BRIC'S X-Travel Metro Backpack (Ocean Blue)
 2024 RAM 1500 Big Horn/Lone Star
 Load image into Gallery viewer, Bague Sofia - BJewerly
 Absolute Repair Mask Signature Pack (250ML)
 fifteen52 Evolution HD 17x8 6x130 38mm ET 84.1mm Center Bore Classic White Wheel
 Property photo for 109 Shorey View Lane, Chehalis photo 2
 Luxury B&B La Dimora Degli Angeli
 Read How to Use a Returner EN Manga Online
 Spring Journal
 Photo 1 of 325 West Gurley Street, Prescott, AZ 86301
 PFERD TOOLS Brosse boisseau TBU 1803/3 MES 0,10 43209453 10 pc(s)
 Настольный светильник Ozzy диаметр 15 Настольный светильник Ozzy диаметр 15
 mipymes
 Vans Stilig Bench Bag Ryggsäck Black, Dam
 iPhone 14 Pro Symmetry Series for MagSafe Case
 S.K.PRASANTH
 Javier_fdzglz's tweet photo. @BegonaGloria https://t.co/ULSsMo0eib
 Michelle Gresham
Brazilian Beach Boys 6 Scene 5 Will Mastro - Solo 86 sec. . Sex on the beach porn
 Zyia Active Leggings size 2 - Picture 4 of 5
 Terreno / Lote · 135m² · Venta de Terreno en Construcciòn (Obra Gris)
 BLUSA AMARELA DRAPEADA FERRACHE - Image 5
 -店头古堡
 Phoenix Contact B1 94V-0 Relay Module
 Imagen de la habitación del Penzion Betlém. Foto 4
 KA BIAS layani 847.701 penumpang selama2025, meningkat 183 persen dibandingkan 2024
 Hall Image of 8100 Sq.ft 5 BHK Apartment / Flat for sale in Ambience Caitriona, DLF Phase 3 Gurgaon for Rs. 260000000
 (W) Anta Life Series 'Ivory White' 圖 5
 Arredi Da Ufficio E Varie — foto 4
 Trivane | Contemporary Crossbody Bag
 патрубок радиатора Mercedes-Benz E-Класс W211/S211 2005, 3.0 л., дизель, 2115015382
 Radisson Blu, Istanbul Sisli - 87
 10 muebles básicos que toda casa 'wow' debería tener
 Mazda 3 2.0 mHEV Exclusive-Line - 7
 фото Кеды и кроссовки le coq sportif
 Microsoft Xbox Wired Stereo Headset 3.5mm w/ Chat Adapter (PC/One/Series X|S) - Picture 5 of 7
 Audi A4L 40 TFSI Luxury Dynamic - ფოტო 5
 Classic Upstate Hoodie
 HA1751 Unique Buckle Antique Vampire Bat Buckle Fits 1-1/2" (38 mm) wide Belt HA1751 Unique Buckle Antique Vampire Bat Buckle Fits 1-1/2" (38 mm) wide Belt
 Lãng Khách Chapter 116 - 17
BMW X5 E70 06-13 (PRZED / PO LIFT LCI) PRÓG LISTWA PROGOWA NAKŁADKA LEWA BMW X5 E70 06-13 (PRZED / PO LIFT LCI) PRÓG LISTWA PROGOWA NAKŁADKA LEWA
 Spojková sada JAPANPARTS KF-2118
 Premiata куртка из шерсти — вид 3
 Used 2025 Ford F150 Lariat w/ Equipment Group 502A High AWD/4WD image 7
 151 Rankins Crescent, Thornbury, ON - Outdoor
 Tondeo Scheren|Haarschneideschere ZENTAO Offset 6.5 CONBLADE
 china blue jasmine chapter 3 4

** Problem to work on **
A word-for-word restatement of the lines running from the one with "Used 2025 Ford" to the last line of the records is the whole answer.

** Exercise result **
 Used 2025 Ford F150 Lariat w/ Equipment Group 502A High AWD/4WD image 7
 151 Rankins Crescent, Thornbury, ON - Outdoor
 Tondeo Scheren|Haarschneideschere ZENTAO Offset 6.5 CONBLADE
 china blue jasmine chapter 3 4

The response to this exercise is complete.